• **Supplied information**
---*---

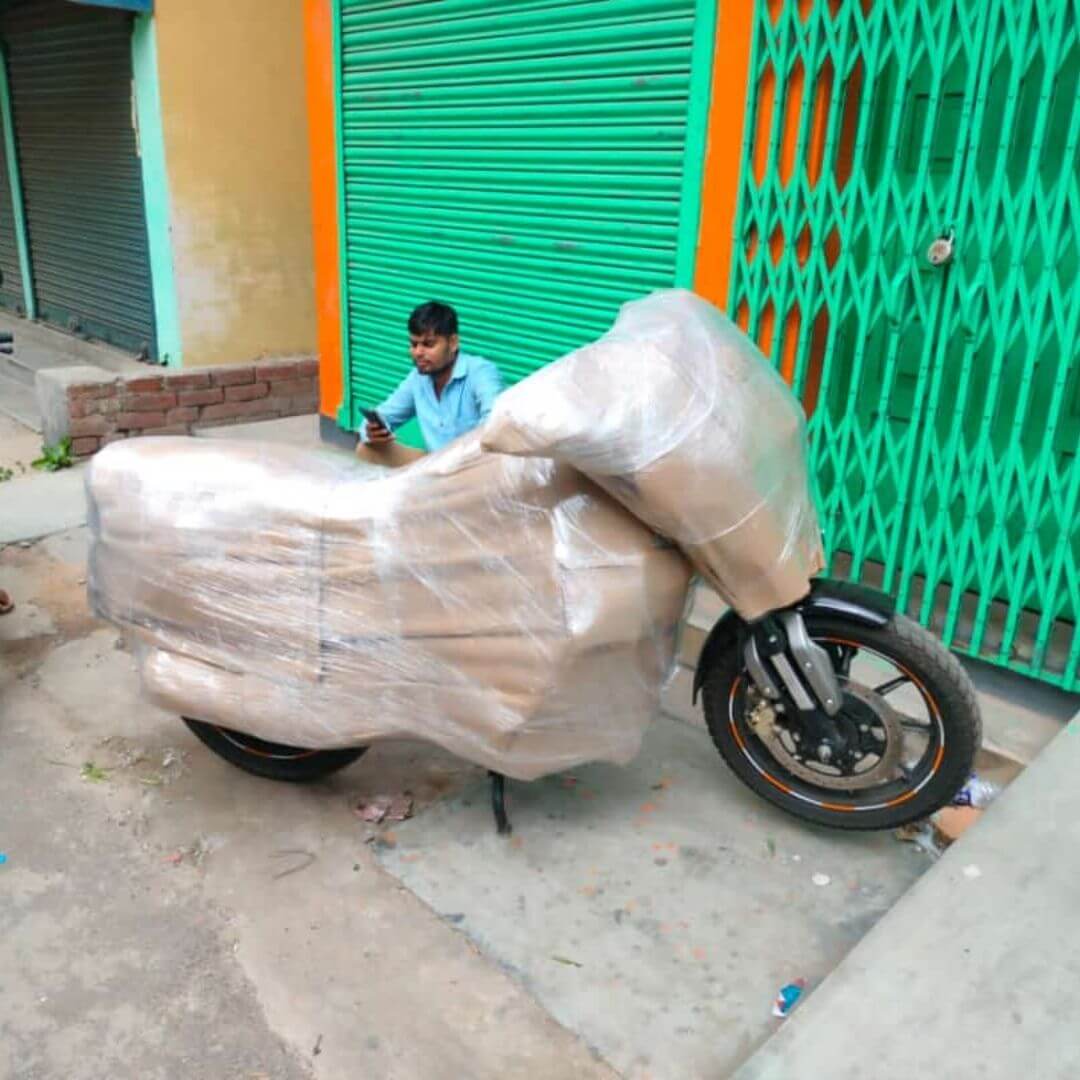 Parcel and Luggage Transport From Bangalore to Chennai TheTransporter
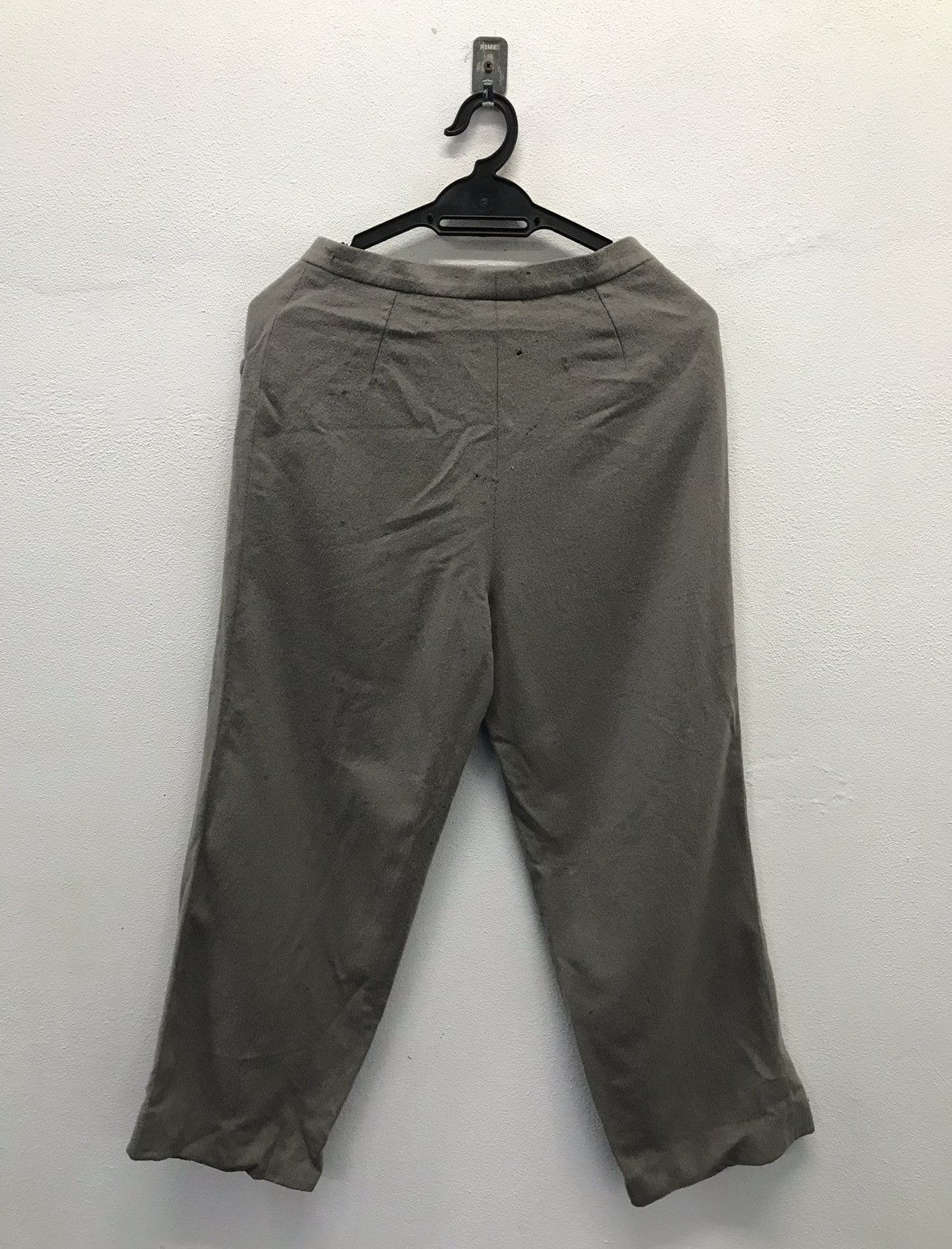 Christian Dior Monsieur × Vintage Vintage Christian Dior Tricots Et Coordonnes Pants Size US 26 / EU 42 - 2 Thumbnail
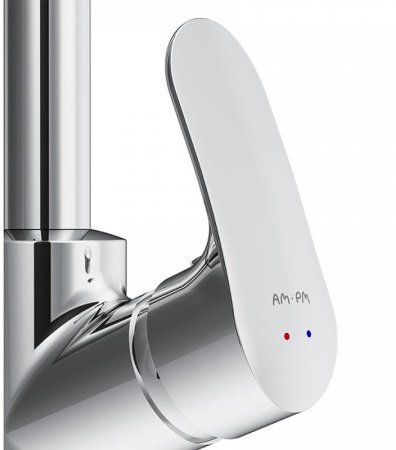 Смеситель для кухни AM.PM Like F8007S00 Хром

---*---

Retype the line containing "Christian Dior Monsieur" and all lines after it through the end of the material, exactly and only those, leaving out pictures.

• **Your response**
 Christian Dior Monsieur × Vintage Vintage Christian Dior Tricots Et Coordonnes Pants Size US 26 / EU 42 - 2 Thumbnail
 Смеситель для кухни AM.PM Like F8007S00 Хром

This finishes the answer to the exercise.